▶ [INSTRUCTIONS TO FOLLOW]: Your job is to set down the stretch of entries that opens with the line containing "Vintage 90s Jalate" and closes with the line containing "Step 1 Prepare". Keep both end lines, copy each exactly, and add nothing.

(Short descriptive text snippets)

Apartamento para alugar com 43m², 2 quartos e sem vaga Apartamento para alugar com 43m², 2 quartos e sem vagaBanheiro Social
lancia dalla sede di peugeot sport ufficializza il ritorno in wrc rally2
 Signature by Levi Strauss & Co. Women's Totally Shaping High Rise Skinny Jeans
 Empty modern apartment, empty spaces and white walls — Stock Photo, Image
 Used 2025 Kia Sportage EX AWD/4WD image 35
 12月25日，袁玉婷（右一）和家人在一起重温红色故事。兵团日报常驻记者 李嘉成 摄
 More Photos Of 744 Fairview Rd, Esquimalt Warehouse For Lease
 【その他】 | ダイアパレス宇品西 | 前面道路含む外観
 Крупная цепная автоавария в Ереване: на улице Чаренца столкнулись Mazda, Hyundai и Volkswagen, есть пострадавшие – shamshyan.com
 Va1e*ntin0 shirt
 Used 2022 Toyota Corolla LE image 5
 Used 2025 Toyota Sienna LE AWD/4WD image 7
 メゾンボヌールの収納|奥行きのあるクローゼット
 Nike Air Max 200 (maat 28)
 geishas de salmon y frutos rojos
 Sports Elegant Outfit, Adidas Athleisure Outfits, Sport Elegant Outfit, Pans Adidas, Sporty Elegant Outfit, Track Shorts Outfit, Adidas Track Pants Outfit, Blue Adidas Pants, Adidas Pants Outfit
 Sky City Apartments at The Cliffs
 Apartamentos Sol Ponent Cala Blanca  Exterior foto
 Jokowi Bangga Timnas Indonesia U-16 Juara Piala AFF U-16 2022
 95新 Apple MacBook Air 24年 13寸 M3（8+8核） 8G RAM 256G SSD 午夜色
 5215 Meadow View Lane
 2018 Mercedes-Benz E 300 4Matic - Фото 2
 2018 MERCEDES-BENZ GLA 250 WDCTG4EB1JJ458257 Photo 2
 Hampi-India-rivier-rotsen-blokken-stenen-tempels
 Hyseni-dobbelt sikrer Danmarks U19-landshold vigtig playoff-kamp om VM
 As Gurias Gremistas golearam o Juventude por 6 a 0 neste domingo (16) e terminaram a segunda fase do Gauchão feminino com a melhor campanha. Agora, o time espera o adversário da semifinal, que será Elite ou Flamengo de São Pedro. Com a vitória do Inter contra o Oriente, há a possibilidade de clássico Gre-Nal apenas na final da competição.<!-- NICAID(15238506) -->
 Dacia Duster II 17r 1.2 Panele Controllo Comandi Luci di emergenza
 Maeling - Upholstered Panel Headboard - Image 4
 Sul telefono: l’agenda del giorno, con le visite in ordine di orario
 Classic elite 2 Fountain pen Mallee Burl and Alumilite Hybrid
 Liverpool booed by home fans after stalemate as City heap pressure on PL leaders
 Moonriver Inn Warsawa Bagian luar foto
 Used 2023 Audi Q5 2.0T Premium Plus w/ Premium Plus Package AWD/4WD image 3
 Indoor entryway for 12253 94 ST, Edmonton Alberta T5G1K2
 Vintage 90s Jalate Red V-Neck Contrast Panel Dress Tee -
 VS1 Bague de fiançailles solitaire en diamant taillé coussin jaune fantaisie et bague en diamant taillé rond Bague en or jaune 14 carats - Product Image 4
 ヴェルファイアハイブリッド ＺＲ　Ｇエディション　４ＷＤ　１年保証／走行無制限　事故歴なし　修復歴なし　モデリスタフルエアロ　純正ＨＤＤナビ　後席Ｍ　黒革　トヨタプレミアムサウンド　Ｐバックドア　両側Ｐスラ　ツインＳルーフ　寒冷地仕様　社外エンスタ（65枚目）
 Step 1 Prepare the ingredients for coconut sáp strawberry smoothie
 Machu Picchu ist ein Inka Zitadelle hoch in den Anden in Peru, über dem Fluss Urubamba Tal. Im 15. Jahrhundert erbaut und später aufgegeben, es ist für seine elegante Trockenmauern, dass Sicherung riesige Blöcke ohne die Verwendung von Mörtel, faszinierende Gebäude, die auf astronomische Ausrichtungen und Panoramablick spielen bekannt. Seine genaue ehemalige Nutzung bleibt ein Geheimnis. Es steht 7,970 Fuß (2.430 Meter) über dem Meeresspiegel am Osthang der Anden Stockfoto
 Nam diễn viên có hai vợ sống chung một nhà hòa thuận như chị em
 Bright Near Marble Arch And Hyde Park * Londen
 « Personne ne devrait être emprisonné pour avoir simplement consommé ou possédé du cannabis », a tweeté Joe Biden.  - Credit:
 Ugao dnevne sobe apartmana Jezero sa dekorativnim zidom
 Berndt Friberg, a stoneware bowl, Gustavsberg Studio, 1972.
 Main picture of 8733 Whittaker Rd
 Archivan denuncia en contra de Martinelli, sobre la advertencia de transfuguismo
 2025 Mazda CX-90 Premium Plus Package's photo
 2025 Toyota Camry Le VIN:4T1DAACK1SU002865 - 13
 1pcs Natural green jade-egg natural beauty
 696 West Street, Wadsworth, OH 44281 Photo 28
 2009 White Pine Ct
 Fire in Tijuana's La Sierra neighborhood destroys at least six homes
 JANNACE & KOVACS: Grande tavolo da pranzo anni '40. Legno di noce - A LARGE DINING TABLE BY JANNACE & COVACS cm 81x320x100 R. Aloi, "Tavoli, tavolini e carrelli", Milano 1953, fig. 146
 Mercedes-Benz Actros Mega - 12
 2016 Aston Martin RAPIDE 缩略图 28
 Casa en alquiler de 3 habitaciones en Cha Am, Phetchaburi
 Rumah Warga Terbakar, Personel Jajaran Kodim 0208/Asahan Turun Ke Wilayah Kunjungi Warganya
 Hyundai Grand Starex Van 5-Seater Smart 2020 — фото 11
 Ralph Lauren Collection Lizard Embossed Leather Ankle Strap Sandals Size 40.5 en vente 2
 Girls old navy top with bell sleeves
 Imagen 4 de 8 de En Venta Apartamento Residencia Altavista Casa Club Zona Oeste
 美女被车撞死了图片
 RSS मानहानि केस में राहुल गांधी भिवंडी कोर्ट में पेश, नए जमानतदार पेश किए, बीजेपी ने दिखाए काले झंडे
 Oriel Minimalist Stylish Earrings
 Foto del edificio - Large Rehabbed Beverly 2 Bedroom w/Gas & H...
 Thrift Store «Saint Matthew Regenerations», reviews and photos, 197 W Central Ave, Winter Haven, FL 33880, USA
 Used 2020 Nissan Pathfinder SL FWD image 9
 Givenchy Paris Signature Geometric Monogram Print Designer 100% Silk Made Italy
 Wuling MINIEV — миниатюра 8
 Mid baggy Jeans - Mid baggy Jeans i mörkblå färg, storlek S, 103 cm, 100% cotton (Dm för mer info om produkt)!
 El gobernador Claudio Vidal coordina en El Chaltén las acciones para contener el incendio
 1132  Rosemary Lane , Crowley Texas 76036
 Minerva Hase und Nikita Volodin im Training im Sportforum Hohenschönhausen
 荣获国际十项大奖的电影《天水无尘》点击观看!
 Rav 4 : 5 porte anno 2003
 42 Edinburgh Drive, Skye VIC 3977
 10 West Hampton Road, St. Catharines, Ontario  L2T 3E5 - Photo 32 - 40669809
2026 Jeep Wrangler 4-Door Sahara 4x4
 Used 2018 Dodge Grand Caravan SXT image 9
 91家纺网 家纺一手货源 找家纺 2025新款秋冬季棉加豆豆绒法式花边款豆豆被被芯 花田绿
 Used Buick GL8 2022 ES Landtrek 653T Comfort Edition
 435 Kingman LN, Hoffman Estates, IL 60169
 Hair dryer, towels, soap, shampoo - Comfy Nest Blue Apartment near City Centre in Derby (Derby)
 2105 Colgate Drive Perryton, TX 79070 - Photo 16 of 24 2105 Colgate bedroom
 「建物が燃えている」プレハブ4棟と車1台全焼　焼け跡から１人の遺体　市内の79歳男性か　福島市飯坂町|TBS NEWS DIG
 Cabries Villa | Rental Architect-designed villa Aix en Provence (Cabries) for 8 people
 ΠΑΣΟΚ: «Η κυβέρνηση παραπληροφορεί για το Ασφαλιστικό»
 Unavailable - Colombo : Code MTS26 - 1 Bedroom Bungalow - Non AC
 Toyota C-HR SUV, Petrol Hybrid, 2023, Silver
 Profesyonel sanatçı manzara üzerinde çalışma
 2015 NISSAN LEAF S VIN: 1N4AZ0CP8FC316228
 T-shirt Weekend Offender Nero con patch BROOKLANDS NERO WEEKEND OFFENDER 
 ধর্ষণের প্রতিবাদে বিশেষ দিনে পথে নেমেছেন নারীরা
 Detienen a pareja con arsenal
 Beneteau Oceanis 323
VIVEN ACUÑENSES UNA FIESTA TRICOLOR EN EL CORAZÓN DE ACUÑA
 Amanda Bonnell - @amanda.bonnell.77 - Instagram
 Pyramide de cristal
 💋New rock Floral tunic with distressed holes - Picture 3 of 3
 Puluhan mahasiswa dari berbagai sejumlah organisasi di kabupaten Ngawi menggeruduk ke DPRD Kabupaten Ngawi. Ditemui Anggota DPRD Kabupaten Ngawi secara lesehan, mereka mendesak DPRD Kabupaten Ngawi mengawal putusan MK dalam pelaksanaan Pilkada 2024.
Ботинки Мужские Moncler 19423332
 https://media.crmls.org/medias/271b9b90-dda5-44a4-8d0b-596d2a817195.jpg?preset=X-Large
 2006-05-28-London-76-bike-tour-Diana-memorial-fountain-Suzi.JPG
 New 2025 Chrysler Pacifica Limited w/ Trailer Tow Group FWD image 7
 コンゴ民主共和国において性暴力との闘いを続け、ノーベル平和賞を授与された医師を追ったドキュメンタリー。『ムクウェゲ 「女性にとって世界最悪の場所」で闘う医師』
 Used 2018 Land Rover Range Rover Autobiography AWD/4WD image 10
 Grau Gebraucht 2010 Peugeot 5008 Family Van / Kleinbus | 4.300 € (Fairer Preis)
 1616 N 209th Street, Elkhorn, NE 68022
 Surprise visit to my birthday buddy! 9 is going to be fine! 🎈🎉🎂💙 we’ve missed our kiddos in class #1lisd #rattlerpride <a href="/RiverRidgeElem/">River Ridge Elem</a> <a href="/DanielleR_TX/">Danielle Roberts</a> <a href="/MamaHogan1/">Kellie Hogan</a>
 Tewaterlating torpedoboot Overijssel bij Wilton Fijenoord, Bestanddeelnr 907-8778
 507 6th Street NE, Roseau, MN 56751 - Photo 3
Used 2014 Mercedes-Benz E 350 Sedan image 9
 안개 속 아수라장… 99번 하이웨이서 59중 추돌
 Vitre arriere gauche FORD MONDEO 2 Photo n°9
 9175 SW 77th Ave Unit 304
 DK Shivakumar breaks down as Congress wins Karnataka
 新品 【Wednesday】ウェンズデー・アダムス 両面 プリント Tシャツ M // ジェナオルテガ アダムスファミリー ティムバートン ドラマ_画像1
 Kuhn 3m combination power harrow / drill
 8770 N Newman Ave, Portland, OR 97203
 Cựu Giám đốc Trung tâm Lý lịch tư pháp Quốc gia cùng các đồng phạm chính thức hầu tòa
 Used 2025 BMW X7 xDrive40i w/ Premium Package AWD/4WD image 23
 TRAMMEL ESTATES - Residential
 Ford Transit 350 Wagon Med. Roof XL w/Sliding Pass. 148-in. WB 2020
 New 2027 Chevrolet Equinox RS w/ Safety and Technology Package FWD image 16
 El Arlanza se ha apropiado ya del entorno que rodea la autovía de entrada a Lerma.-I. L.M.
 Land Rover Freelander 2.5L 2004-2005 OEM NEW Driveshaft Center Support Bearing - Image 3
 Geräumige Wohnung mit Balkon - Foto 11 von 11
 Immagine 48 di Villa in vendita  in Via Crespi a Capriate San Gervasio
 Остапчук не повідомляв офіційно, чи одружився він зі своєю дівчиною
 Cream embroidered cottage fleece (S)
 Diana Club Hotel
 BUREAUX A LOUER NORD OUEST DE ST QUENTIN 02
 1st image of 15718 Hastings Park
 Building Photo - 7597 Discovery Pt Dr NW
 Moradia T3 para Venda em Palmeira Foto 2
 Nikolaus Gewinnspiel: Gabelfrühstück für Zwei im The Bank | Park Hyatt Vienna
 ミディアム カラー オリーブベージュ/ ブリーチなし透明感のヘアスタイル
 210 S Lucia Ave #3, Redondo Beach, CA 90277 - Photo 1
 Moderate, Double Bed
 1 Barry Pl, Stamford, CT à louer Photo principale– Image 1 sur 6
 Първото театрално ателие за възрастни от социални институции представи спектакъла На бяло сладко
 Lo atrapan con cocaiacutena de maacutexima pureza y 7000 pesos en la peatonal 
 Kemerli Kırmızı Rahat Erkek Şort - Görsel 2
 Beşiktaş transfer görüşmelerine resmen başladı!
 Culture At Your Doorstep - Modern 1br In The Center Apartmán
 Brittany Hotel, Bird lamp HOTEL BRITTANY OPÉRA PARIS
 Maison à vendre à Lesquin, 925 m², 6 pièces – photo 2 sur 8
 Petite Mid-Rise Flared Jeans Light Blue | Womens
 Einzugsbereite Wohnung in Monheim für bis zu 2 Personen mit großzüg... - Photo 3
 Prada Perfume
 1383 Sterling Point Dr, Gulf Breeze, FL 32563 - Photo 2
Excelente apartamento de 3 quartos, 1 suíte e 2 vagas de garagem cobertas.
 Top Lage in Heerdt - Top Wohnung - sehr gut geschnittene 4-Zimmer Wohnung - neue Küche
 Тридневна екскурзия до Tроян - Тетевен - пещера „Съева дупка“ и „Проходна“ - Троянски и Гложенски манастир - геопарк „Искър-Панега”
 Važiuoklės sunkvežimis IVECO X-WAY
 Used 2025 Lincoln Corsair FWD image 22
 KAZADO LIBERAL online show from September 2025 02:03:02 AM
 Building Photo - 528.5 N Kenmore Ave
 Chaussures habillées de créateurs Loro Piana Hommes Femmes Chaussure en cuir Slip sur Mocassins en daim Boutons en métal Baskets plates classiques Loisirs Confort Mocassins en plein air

▶ [WRITTEN REPLY]:
 Vintage 90s Jalate Red V-Neck Contrast Panel Dress Tee -
 VS1 Bague de fiançailles solitaire en diamant taillé coussin jaune fantaisie et bague en diamant taillé rond Bague en or jaune 14 carats - Product Image 4
 ヴェルファイアハイブリッド ＺＲ　Ｇエディション　４ＷＤ　１年保証／走行無制限　事故歴なし　修復歴なし　モデリスタフルエアロ　純正ＨＤＤナビ　後席Ｍ　黒革　トヨタプレミアムサウンド　Ｐバックドア　両側Ｐスラ　ツインＳルーフ　寒冷地仕様　社外エンスタ（65枚目）
 Step 1 Prepare the ingredients for coconut sáp strawberry smoothie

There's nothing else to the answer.